> **Problem details**
Your output must match the records below character for character.

> **Source material**
=== Begin Enclosure ===

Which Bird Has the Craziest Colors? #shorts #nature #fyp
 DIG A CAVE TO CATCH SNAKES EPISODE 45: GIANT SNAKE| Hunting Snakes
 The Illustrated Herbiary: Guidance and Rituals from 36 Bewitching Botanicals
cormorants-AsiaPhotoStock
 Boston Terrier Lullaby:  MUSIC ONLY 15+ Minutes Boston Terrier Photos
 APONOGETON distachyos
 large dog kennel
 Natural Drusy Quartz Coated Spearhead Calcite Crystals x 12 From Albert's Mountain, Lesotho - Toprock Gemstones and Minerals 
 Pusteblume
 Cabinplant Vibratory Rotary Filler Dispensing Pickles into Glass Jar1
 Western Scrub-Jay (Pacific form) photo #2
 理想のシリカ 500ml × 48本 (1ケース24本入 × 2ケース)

=== End Enclosure ===

> **Task result**
Which Bird Has the Craziest Colors? #shorts #nature #fyp
 DIG A CAVE TO CATCH SNAKES EPISODE 45: GIANT SNAKE| Hunting Snakes
 The Illustrated Herbiary: Guidance and Rituals from 36 Bewitching Botanicals
cormorants-AsiaPhotoStock
 Boston Terrier Lullaby:  MUSIC ONLY 15+ Minutes Boston Terrier Photos
 APONOGETON distachyos
 large dog kennel
 Natural Drusy Quartz Coated Spearhead Calcite Crystals x 12 From Albert's Mountain, Lesotho - Toprock Gemstones and Minerals 
 Pusteblume
 Cabinplant Vibratory Rotary Filler Dispensing Pickles into Glass Jar1
 Western Scrub-Jay (Pacific form) photo #2
 理想のシリカ 500ml × 48本 (1ケース24本入 × 2ケース)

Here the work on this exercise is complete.